**What you should do**
Find the line with "FLOS Architectural Kap" in the records below. Copy it and every line after it, up to and including the line with "Armband zilver, Ophalen".

**Available data**
****

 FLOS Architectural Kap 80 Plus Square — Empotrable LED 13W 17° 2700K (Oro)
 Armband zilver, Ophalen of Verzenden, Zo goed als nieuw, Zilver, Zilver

****

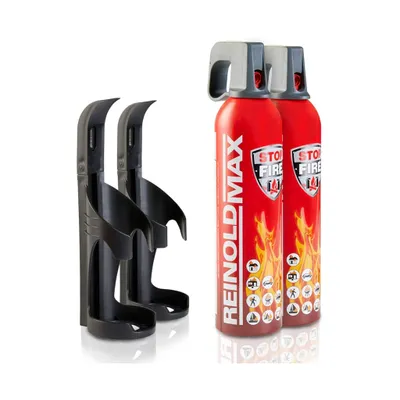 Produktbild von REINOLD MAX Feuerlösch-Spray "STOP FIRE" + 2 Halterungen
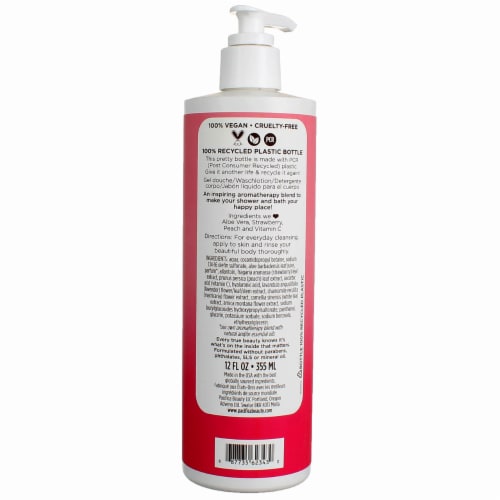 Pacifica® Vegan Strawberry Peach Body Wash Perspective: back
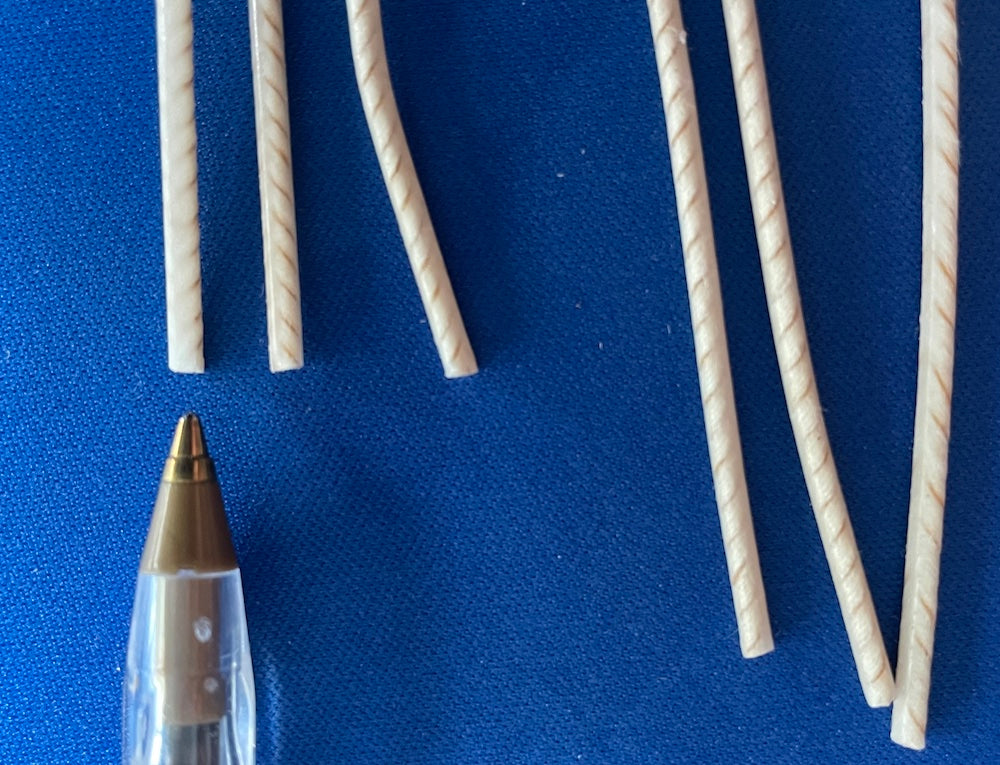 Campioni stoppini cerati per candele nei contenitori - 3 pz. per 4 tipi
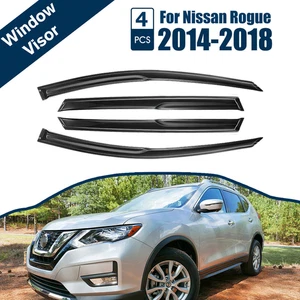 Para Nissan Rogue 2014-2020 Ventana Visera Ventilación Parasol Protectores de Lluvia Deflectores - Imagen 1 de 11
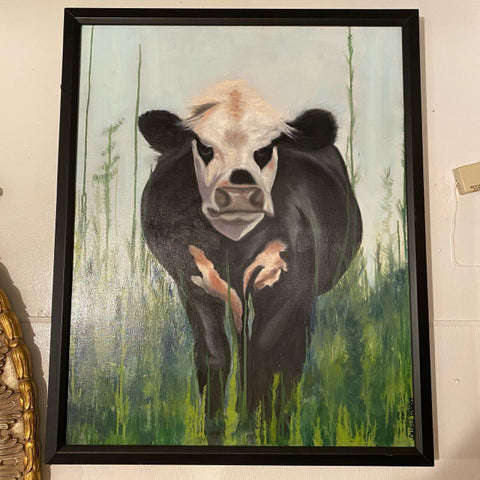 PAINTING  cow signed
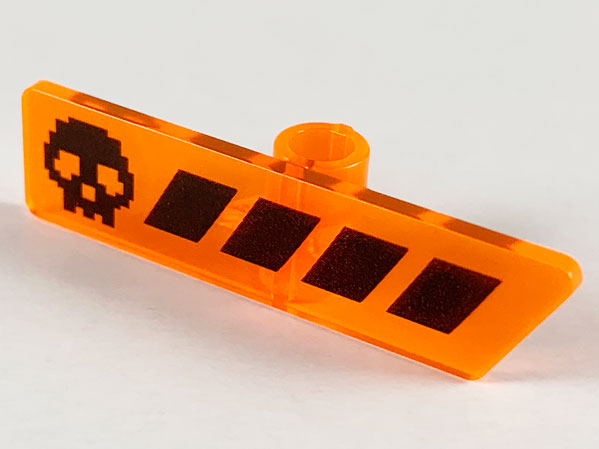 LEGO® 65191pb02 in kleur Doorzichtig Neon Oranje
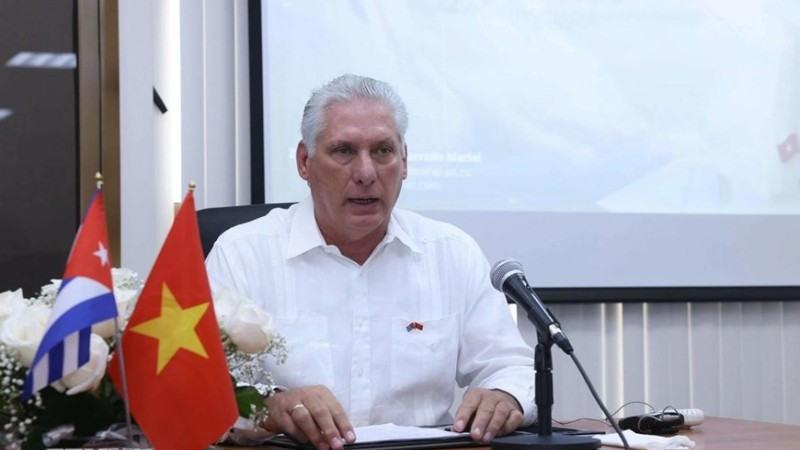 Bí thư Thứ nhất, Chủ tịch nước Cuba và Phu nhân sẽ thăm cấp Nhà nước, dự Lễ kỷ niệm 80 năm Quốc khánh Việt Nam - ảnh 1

****

**Solution to the exercise**
 FLOS Architectural Kap 80 Plus Square — Empotrable LED 13W 17° 2700K (Oro)
 Armband zilver, Ophalen of Verzenden, Zo goed als nieuw, Zilver, Zilver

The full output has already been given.